Mr Morrison has previously suggested he would like to see home quarantine for vaccinated Australians who travel overseas on essential business introduced in the second half of the year, a position echoed by ministers on Sunday.

But on Monday, he acknowledged there might not be a consensus on that issue.

“I would seek to achieve as much national consistency as we possibly could but you rightly point out that public health is a matter of state jurisdiction and the Commonwealth is not in a position to direct that in any way, shape or form,” he said.

Opposition health spokesman Mark Butler said the Prime Minister must come out of national cabinet with a new plan for immunising the nation.

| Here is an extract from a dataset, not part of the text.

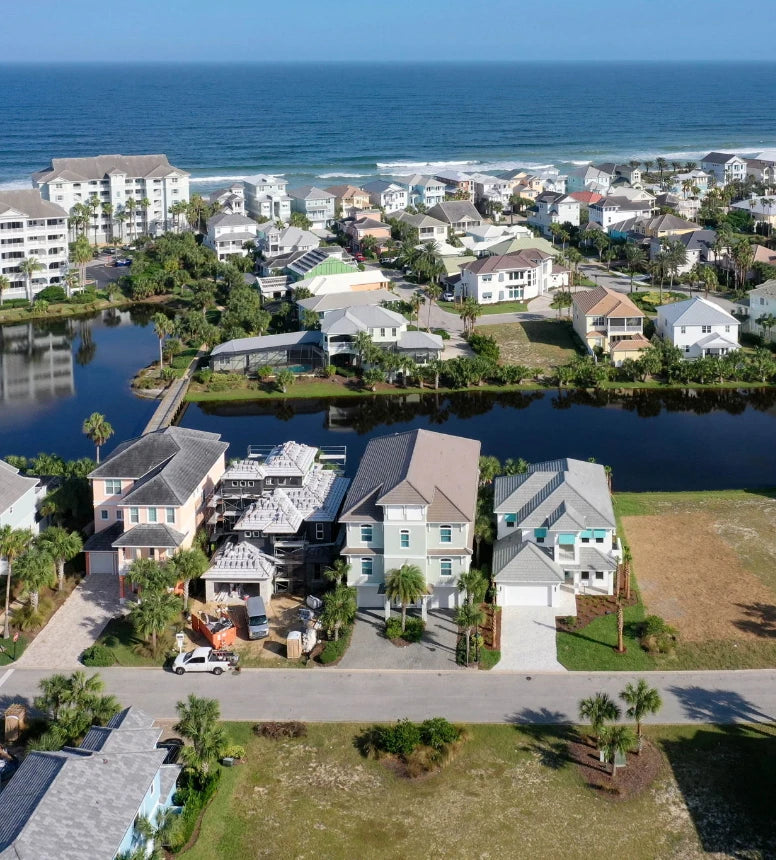 Overhead drone photo of neighborhood 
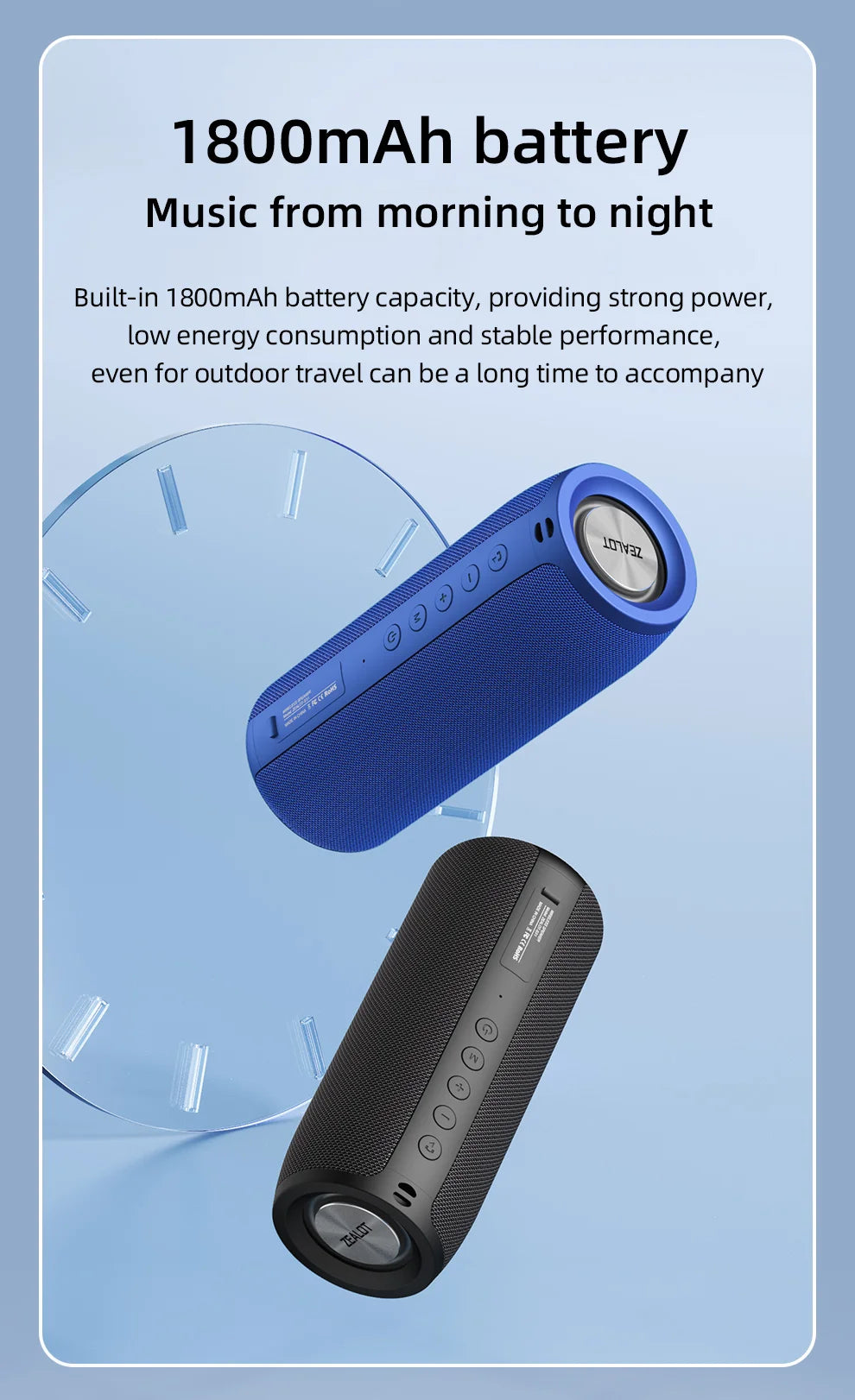 ZEALOT-S51 Powerful Bluetooth Speaker Bass Wireless Speakers Subwoofer Waterproof Sound Box Support TF, TWS, USB Flash Drive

“The last one, which had targets like 4 million Australians by the end of March [and] the job done by October, is clearly in tatters,” he said. “We need a new plan with revised timelines and targets – one which ensures that state governments are given confidence by the Commonwealth and they’ll be able to participate more fully in this vaccine rollout.”

Both the NSW and Victorian leaders said the vaccine rollout must be sped up and they were willing to open more mass vaccination centres as long as the Commonwealth provided the supplies.

NSW Premier Gladys Berejiklian said the country needed to be “far less rigid” with the rollout.

“We really need to crank on with it,” she said on Monday morning.

Acting Victorian Premier James Merlino said the state was ready and able to do more in terms of mass vaccination, subject to supply.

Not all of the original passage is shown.